The Premortem, suggested by Richard Thaler
Assume we are at some time in the future when the plan has been implemented, and the outcome was a disaster. Write a brief history of that disaster.
Affordances, suggested by Daniel Dennett
The concept of Affordances was developed by JJ Gibson in the 1970s and popularised in design by Donald Norman in the late 80s. Dennett says:
The basic idea is that the perceptual systems of any organism are designed to “pick up” the information that is relevant to its survival and ignore the rest. The relevant information is about opportunities “afforded” by the furnishings of the world: holes afford hiding in, cups afford drinking out of, trees afford climbing (if you’re a child or a monkey or a bear, but not a lion or a rabbit), and so forth.
But Dennet goes further, suggesting that the concept of Affordances helps us try to figure out what consciousness is. I’m still thinking about this one.
The Law of Small Numbers, suggested by Adam Alter
Alter tells a good story about what happens when you try to think about outcomes based on limited information.
The solution is to pay attention not just to the pattern of data, but also to how much data you have.
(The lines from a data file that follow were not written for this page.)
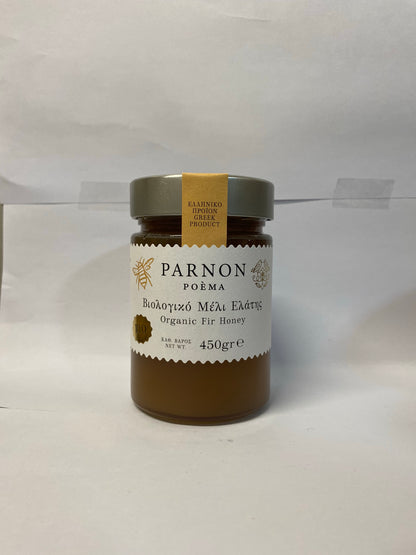 Parnon Poem Μέλι Ελάτης Βιολογικό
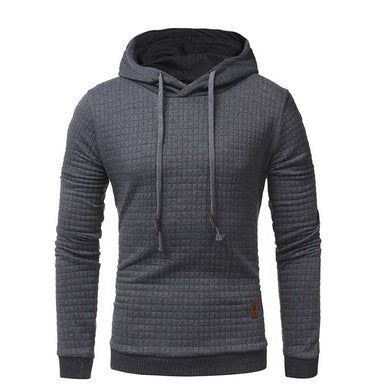 Square Quilted Classic Hoodies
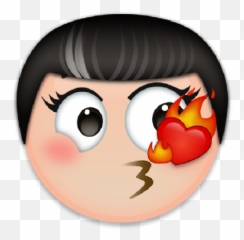 Here Is An Emoji I Made To Represent My - Fictional Character,Emoji Dolls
Small samples aren’t just limited in value; they can be counterproductive because the stories they tell are often misleading.
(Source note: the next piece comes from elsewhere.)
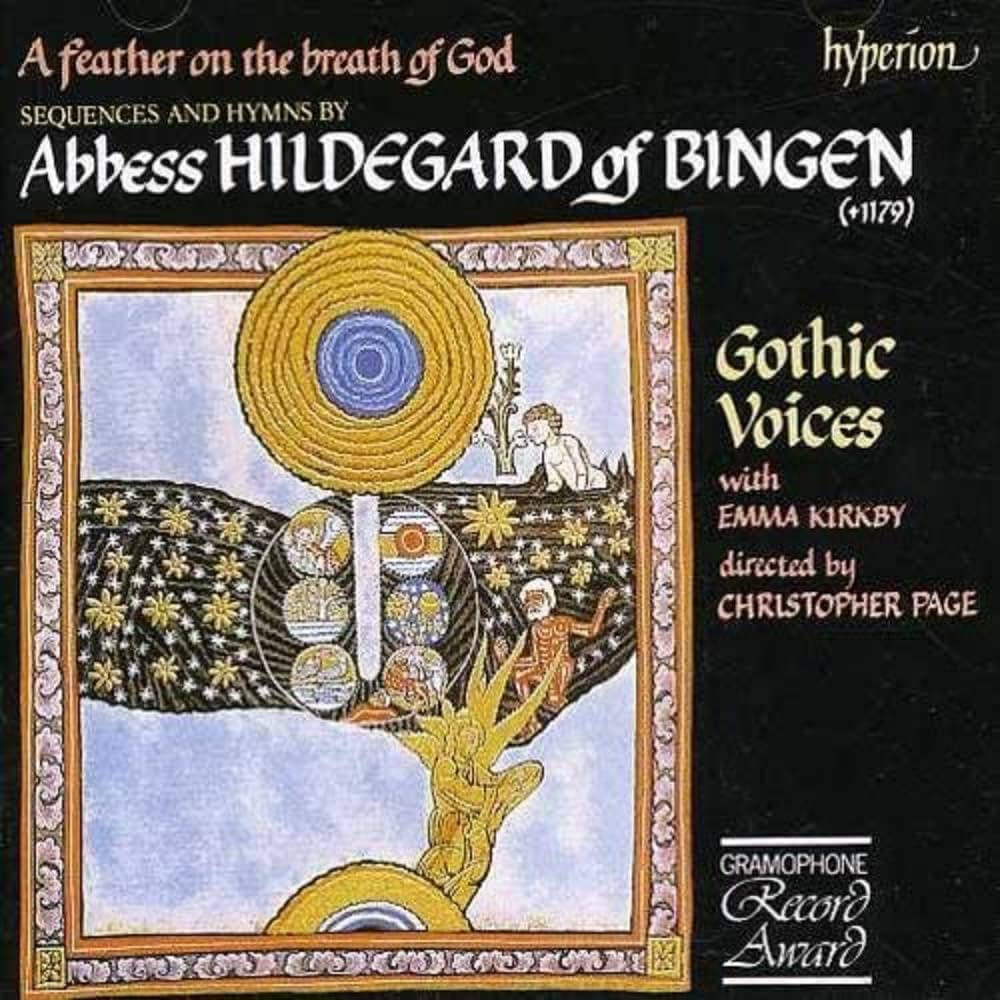 その他 Hildegard Von Bingen.. Book of Divine Works, Part 1, Vision 2: The Cosmic Spheres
Case-Based Reasoning, suggested by Roger Schank
Reminding, based on the examination of a internal library of cases, is what enables learning and is the basis of intelligence. In order to get reminded of relevant prior cases, we create those cases subconsciously by thinking about them and telling someone about them. Then, again subconsciously, we label the previously experienced cases in some way.
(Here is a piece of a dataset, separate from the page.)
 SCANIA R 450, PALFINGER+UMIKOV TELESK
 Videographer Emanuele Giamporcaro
The task for the motivated reader is obviously to find a way to have a single coherent concept that encompasses both cased-based reasoning and the need for a lot of data presupposed by the law of small numbers.
Embodied Thinking, suggested by Barbara Tversky
We are bodies moving in space. You approach a circle of friends, the circle widens to embrace you. I smile or wince and you feel my joy or my pain, perhaps smiling or wincing with me. Our most noble aspirations and emotions, and our most base, crave embodiment, actions of bodies in space, close or distant.
Decentering, suggested by Gary Klein
Decentering is not about empathy—intuiting how others might be feeling. Rather, it is about intuiting what others are thinking. It is about imagining what is going through another person’s mind. It is about getting inside someone else’s head.
Class Breaks, suggested by Bruce Schneier
Something about Class Breaks seems relevant to both case-based reasoning and the law of small numbers. But I haven’t figured it out yet.
Picking a mechanical door lock requires both skill and time. Each lock is a new job, and success at one lock doesn’t guarantee success with another of the same design. Electronic door locks, like the ones you now find in hotel rooms, have different vulnerabilities. An attacker can find a flaw in the design that allows him to create a key card that opens every door. If he publishes his attack software, not just the attacker, but anyone can now open every lock. And if those locks are connected to the Internet, attackers could potentially open door locks remotely—they could open every door lock remotely at the same time. That’s a class break.
My pick is “epistemology”, which tends to get defined as “theory of knowledge”. But I would tend to use it more to think about what counts as knowlege. For example, if your epistemology favours lots of data you probably wouldn’t be persuaded by an example based on case-based reasoning.